Segment Open

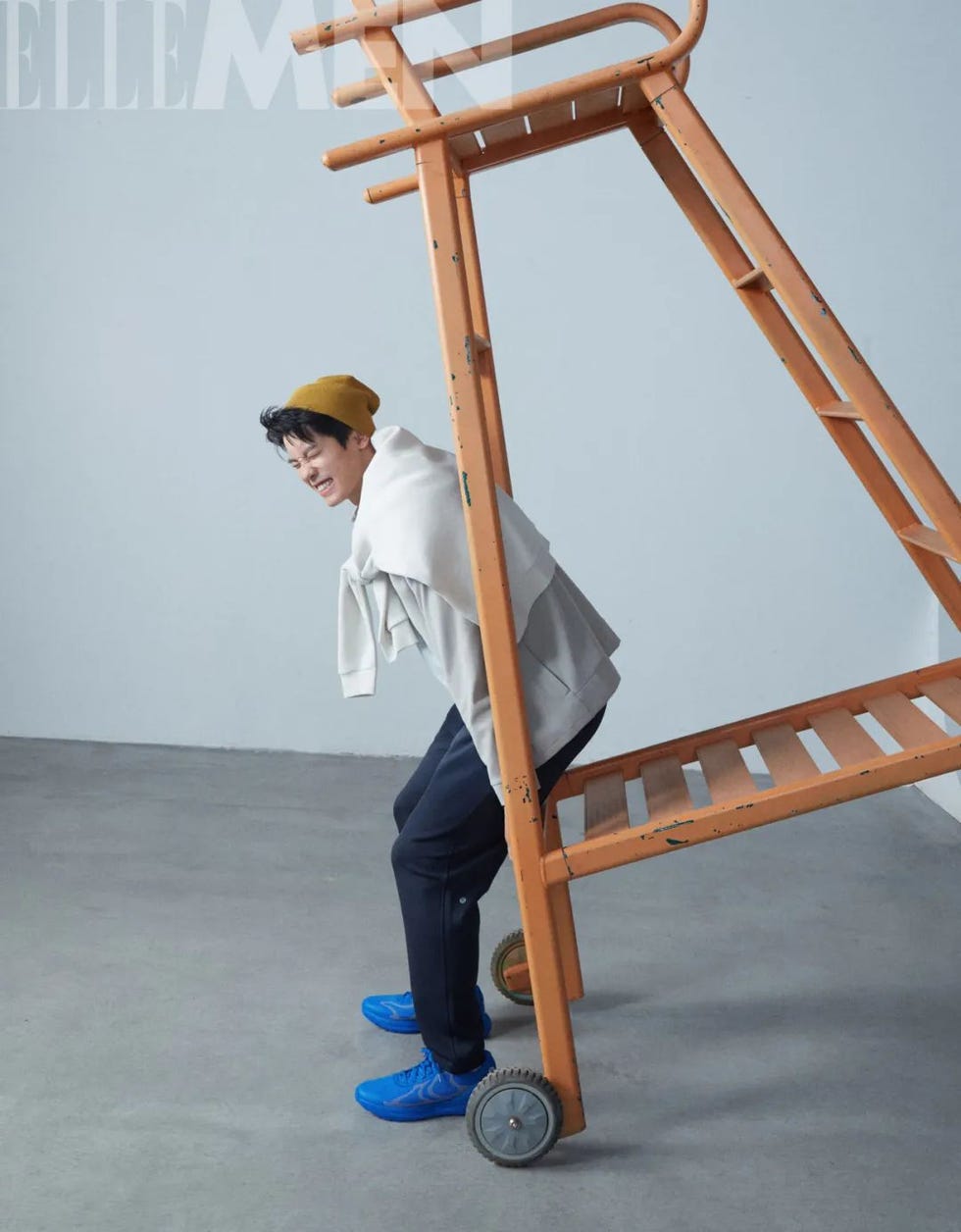 a person in a casual outfit is positioned under an orange ladder creating an interesting pose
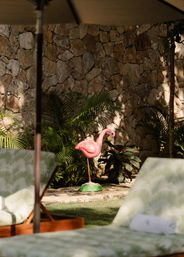 Pink plastic flamingo lawn ornament among palm plants and a stone wall on a sunlit tropical poolside patio with lounge chairs.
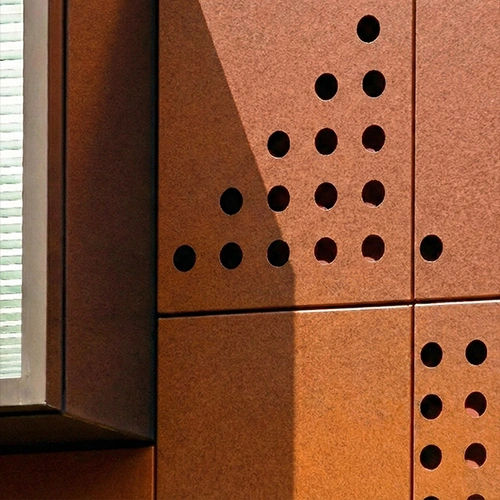 Reflective metacorten arranged vertically creating a kinetic facade system.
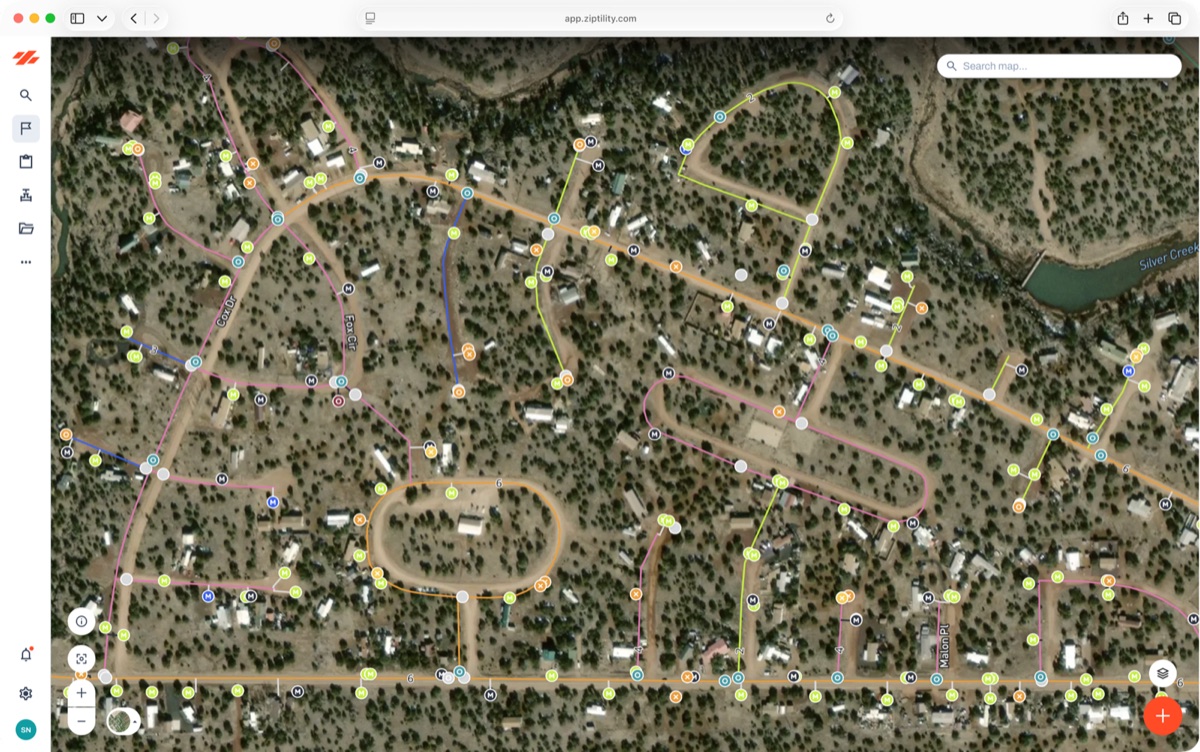 The Ziptility app in a desktop browser, showing a satellite view of a neighborhood with pipe lines drawn in color and dozens of asset markers along them, some of them plain gray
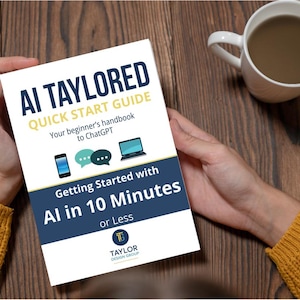 May include: A white book titled "AI Tailored Quick Start Guide" held by a person. The book's cover includes the text "Getting Started with AI in 10 Minutes or Less" and illustrations of a phone, chat bubbles, and a laptop. A mug of coffee sits nearby.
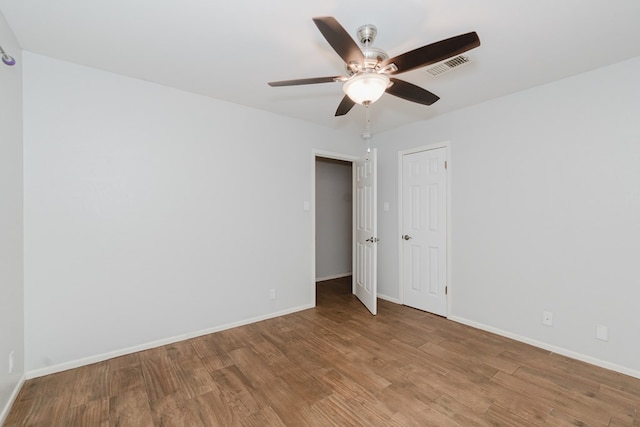 empty room with light wood-type flooring and ceiling fan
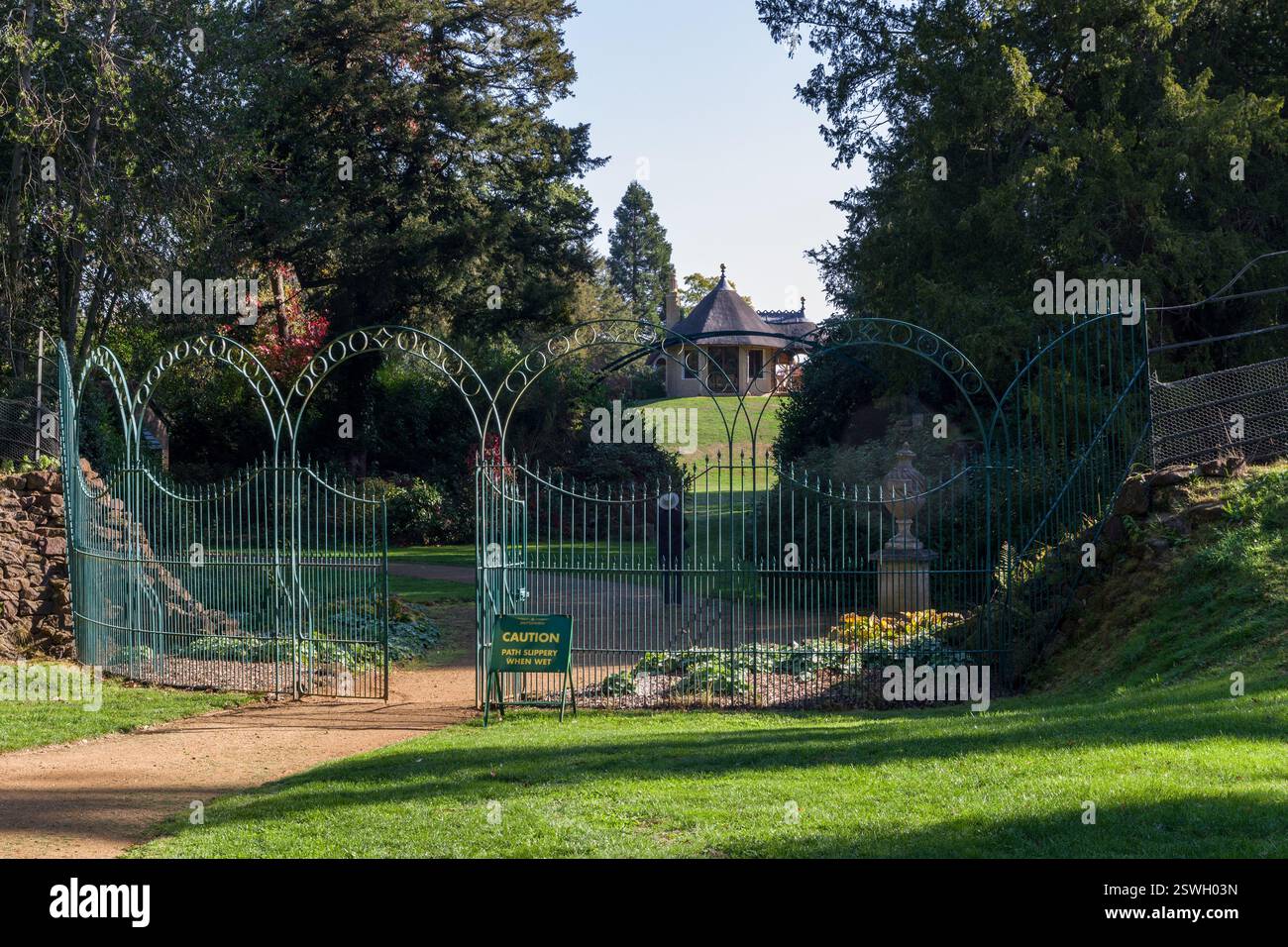 Ornate green metal gates at the rear entrance to the Swiss Garden, Old Warden, Bedfordshire, UK Stock Photo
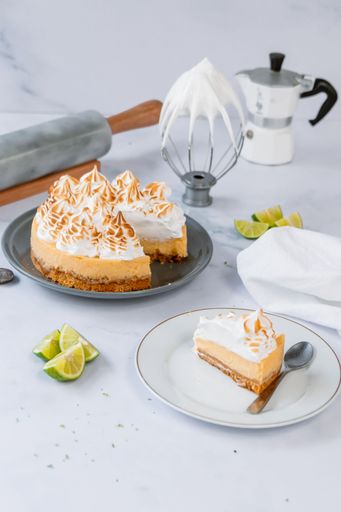 A vertical shot of a yummy lemon cake decorated with whipped cream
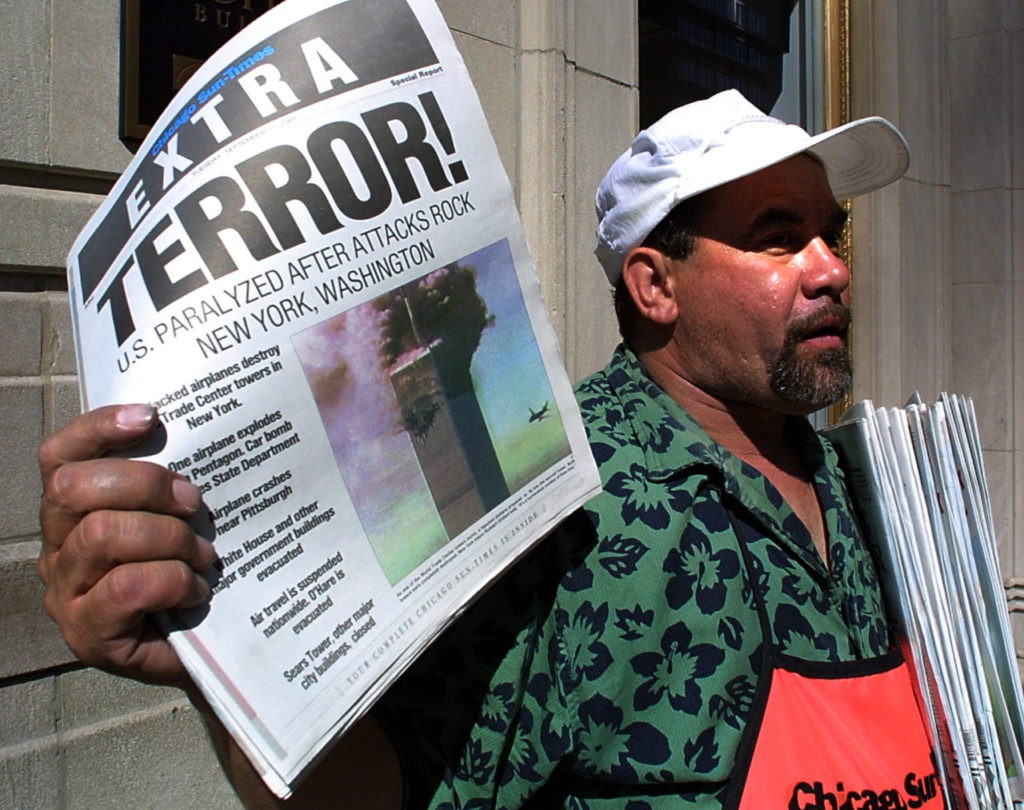 Newspaper vendor Carlos Mercado sells the "Extra" editon of the Chicago Sun-Times printed 11 September, 2001, after the terrorist attacks on the United States. Two hijacked airplanes crashed into the World Trade Center twin towers in New York while one hijacked plane later crashed at the Pentagon in Washington, DC, with another plane crashing 80 miles outside of Pittsburgh, Pennsylvania. AFP PHOTO/Scott OLSON (Photo credit should read SCOTT OLSON/AFP/Getty Images)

Segment Closed

__Exercise__. Return the lines above from the one with "The Ziptility app" through the one with "A vertical shot", verbatim and nothing else. Omit every picture.

__Exercise result__.
 The Ziptility app in a desktop browser, showing a satellite view of a neighborhood with pipe lines drawn in color and dozens of asset markers along them, some of them plain gray
 May include: A white book titled "AI Tailored Quick Start Guide" held by a person. The book's cover includes the text "Getting Started with AI in 10 Minutes or Less" and illustrations of a phone, chat bubbles, and a laptop. A mug of coffee sits nearby.
 empty room with light wood-type flooring and ceiling fan
 Ornate green metal gates at the rear entrance to the Swiss Garden, Old Warden, Bedfordshire, UK Stock Photo
 A vertical shot of a yummy lemon cake decorated with whipped cream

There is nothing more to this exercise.